P. Antonio Villarino,
missionnaire
combonien.
LE XVIII CHAPITRE GENERAL
DES MISSIONNAIRES COMBONIENS
ET “EVANGELII GAUDIUM”
Introduction
Je commence cette réflexion par une courte introduction à propos de l’expérience du Chapitre, telle que je l’ai vécue.
Je crois qu’une bonne manière pour interpréter et assimiler les documents du Chapitre est justement celle d’approfondir ces citations de Evangelii gaudium.
1. La joie de l’Evangile, propre des Comboniens est la vie donnée (inspiration)
« Appelés à vivre la joie de l’Evangile : une vie donnée à Jésus et à son peuple est une vie belle, une vie qui donne la joie » (EG 268). C’est ainsi que commence le quatrième des six points avec lesquels le Chapitre explique le thème inspirateur : « Disciples missionnaires Comboniens, appelés à vivre la joie de l’Evangile dans le monde d’aujourd’hui ».
Le texte du Chapitre met tout de suite en relation cette affirmation du pape François avec une autre que nous connaissons bien, de Comboni : « Le plus heureux de mes jours sera celui où je pourrai donner ma vie pour vous » (S 3159).
Voilà une des clefs que le Chapitre, en suivant E.G. et Comboni, nous offre pour devenir des missionnaires joyeux : donner la vie.

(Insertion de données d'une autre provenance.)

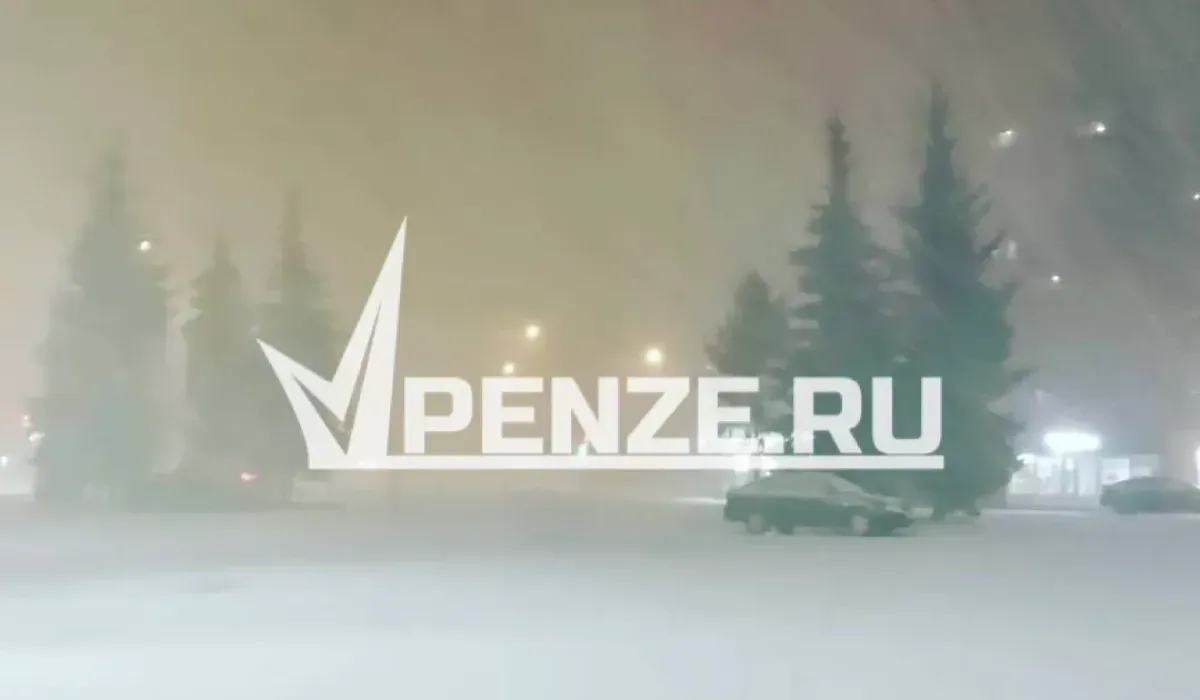 «Добираемся до дома ползком, с закрытыми глазами»: пензенцы оказались в плену метели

Cela me fait penser à la phrase de Tagore : « La vie, nous la recevons gratuitement et nous la méritons en la donnant ». Ou cette autre parole de l’Evangile : « Seulement celui qui livre sa vie la recevra en abondance ». La source de notre joie et de notre plénitude de vie n’est rien d’autre que notre propre vie donnée, livrée. La joie que nous cherchons n’est pas une joie à bas prix. Le Chapitre dit : « c’est une joie qui a un prix élevé : pour défendre la vie des brebis nous devons affronter des loups et des voleurs. Nos martyrs nous le rappellent aussi ... Nous les missionnaires comboniens vivons notre identité quand nous aimons avec passion les personnes et quand nous luttons afin que tous les hommes et toutes les femmes puissent avoir une vie plus humaine et plus digne ».

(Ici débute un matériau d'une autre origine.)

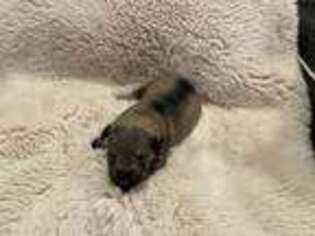 Mutt Puppy for sale in Warrenton, OR, USA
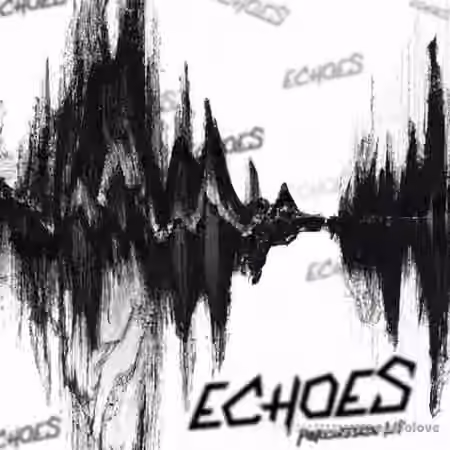 prodbyloner Echoes Percussion Kit [WAV]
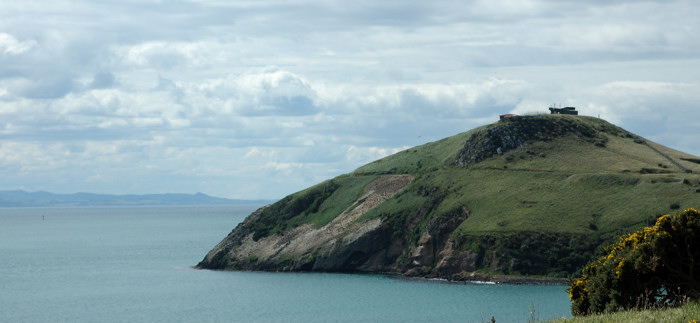 Otago Peninsula headland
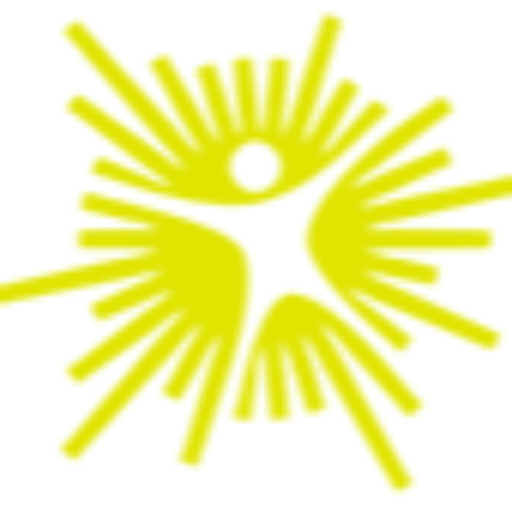 Skyterra at Home logo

Cette phrase du Chapitre me fait penser aussi à l’exemple de Ezechiele Ramin qui, nous le savons, n’était pas un homme parfait ; mais – le reconnaissent ceux qui l’ont connu – il « avait un rêve », et il invitait les paysans de Cacoal à lutter pour un futur meilleur : « Ayez un rêve », disait-il ; et il a livré sa vie en luttant pour ce rêve. Ce qui importe n’est pas de savoir s’il avait raison ou non, mais de savoir qu’il a livré sa vie pour les autres.
Le Chapitre cite ici le n° 268 de EG, qui a ce titre significatif : « Le plaisir spirituel d’être un peuple » et qui dit : « La mission est une passion pour Jésus mais, en même temps, une passion pour son peuple. Quand nous nous arrêtons devons Jésus crucifié, nous reconnaissons tout son amour qui nous rend dignes et nous soutient, mais, en même temps, si nous ne sommes pas aveugles, nous commençons à percevoir que ce regard de Jésus s’élargit et se dirige, plein d’affection et d’ardeur, vers tout son peuple. Ainsi, nous redécouvrons qu’il veut se servir de nous pour devenir toujours plus proche de son peuple aimé. »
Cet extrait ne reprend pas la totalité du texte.